Aside from damage to the launch pad and the launch vehicle itself, no injuries have been reported, according to NASA TV. The launch occurred at 6:22 p.m. EDT, exploding just seconds after liftoff.
The rocket launched from Pad 0A of the Mid-Atlantic Regional Spaceport at NASA’s Wallops Flight Facility in Virginia. This is the only launchpad certified to launch the Antares rocket, putting future Orbital Sciences launches on hold.
The Antares rocket was carrying 5,000 pounds of supplies, including food and science experiments, in its Cygnus spacecraft. The failure of the resupply mission will pose no threat to astronauts aboard the ISS. The space station has enough consumables onboard to support the crew for at least another four to six months.
All science experiments onboard the spacecraft are replaceable, according to representatives from Orbital Sciences. The Antares rocket and Cygnus spacecraft, which were destroyed, cost over $200 million dollars, not including the cargo onboard.
According to NASA officials and representatives from Orbital Sciences, it is still too soon to determine the cause of the failure during liftoff. Orbital Sciences will lead the investigation into what caused the launch failure with assistance from NASA and the Federal Aviation Administration.

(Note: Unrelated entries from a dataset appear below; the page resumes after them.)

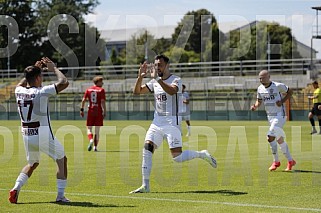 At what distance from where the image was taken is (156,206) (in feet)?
33.8

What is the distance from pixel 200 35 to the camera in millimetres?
97125

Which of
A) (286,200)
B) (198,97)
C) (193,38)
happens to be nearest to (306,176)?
(286,200)

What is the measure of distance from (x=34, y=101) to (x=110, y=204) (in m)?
1.96

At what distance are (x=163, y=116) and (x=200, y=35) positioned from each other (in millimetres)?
85649

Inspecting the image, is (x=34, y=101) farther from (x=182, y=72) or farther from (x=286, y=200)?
(x=182, y=72)

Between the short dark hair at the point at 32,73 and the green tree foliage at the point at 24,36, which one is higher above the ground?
the green tree foliage at the point at 24,36

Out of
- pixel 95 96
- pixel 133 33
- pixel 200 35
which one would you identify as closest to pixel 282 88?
pixel 95 96

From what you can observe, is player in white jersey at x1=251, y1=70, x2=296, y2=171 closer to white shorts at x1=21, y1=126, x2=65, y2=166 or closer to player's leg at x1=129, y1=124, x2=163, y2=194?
player's leg at x1=129, y1=124, x2=163, y2=194

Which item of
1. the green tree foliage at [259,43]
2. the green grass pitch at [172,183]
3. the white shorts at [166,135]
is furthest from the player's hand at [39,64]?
the green tree foliage at [259,43]

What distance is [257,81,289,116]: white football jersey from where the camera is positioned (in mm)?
15516

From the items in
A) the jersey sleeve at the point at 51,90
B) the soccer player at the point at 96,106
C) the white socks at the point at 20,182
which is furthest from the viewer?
the soccer player at the point at 96,106

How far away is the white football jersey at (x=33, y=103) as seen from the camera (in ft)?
34.4

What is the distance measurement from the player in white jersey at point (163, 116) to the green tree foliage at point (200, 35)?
66.7m

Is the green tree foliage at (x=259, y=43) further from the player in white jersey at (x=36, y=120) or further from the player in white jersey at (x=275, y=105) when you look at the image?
the player in white jersey at (x=36, y=120) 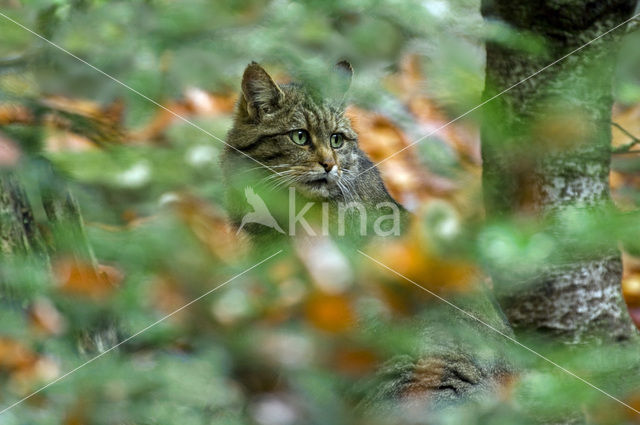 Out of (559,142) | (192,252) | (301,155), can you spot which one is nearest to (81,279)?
(192,252)

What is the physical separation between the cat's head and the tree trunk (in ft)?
1.23

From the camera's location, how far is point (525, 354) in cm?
148

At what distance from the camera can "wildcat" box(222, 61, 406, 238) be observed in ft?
5.48

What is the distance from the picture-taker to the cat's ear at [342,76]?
5.32 feet

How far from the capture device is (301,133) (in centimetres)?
173

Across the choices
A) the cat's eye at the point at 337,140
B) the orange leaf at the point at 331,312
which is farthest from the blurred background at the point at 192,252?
the cat's eye at the point at 337,140

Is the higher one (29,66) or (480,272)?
(29,66)

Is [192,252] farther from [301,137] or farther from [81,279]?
[301,137]

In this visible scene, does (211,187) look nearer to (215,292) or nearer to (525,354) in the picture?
(215,292)

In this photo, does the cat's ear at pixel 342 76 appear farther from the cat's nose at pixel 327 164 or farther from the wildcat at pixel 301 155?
the cat's nose at pixel 327 164

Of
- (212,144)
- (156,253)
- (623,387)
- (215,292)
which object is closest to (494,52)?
(212,144)

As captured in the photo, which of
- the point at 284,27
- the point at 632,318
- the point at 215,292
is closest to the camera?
the point at 215,292

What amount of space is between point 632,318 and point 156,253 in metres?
1.50

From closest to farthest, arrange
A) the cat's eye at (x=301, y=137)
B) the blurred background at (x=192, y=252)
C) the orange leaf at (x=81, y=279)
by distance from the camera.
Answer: the blurred background at (x=192, y=252) → the orange leaf at (x=81, y=279) → the cat's eye at (x=301, y=137) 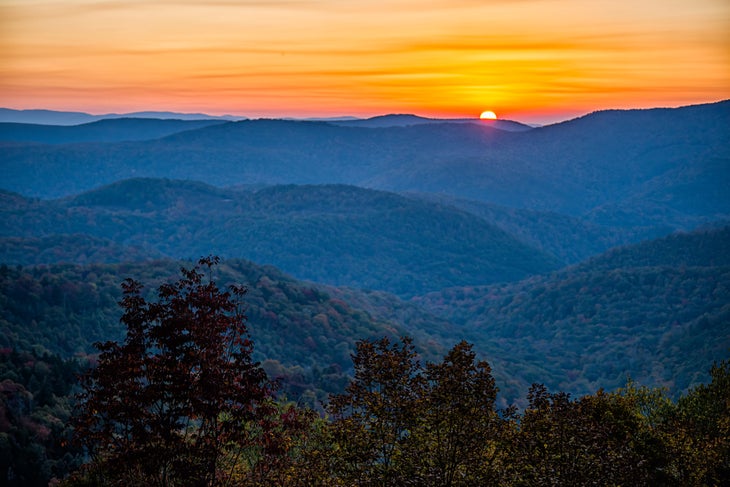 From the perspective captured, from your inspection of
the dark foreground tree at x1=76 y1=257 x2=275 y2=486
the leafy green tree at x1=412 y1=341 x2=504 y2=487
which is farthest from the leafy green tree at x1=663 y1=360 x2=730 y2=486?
the dark foreground tree at x1=76 y1=257 x2=275 y2=486

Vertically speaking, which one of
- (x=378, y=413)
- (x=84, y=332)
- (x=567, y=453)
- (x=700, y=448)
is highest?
(x=378, y=413)

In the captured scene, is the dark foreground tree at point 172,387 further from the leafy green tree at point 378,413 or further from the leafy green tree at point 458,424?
the leafy green tree at point 458,424

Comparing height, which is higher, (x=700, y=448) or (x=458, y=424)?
(x=458, y=424)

“While NASA is disappointed that Orbital Sciences’ third contracted resupply mission to the International Space Station was not successful today, we will continue to move forward toward the next attempt once we fully understand today’s mishap,” William Gerstenmaier, NASA’s Associate Administrator for Human Exploration and Operations said in a statement. “Today’s launch attempt will not deter us from our work to expand our already successful capability to launch cargo from American shores to the International Space Station.”

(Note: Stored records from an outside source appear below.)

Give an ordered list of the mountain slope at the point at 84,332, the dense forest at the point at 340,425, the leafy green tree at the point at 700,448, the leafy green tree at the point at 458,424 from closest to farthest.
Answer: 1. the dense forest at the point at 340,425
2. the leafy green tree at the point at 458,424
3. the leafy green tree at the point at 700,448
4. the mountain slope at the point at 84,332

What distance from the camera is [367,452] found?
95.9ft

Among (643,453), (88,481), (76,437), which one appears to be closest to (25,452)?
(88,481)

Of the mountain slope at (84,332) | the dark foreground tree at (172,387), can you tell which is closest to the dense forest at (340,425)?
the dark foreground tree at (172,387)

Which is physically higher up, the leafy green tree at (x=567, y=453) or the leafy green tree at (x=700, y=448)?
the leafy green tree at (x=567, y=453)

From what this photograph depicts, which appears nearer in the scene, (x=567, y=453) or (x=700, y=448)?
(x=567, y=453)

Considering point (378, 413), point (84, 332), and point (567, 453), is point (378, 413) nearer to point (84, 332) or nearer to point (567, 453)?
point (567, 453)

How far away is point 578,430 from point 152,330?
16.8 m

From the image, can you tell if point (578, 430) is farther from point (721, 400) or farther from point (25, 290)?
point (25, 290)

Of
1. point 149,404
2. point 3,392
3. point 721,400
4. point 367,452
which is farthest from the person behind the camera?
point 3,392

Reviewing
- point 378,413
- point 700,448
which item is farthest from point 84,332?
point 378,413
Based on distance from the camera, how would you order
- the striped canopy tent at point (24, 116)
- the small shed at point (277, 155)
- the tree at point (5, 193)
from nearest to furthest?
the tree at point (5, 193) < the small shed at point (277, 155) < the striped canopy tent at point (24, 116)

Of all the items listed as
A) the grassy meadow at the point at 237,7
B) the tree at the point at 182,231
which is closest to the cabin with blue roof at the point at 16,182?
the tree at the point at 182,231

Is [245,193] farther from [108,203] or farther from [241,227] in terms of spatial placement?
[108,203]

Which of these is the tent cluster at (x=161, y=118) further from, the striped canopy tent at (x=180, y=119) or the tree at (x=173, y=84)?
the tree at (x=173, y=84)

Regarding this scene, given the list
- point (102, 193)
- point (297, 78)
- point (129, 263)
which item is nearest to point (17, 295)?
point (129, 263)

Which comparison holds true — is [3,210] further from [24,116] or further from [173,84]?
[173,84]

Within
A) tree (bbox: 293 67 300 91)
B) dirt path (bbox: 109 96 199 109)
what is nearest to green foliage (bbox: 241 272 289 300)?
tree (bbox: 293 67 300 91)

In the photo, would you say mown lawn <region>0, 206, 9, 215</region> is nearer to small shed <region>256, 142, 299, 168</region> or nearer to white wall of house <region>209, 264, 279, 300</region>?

This was Orbital Sciences’ third cargo resupply mission to the ISS, following successful launches earlier this year in January and July. This is the first launch failure under NASA’s Commercial Resupply Services contracts. Orbital Sciences is under contract to perform eight cargo resupply missions to the ISS. SpaceX is also under contract to provide cargo resupply services to the space station, with its fifth resupply mission set for Dec. 9.
NASA and Orbital Sciences plan to hold a press conference regarding the launch failure at 9 p.m. EDT on Tuesday. We will update you with further details as they become available.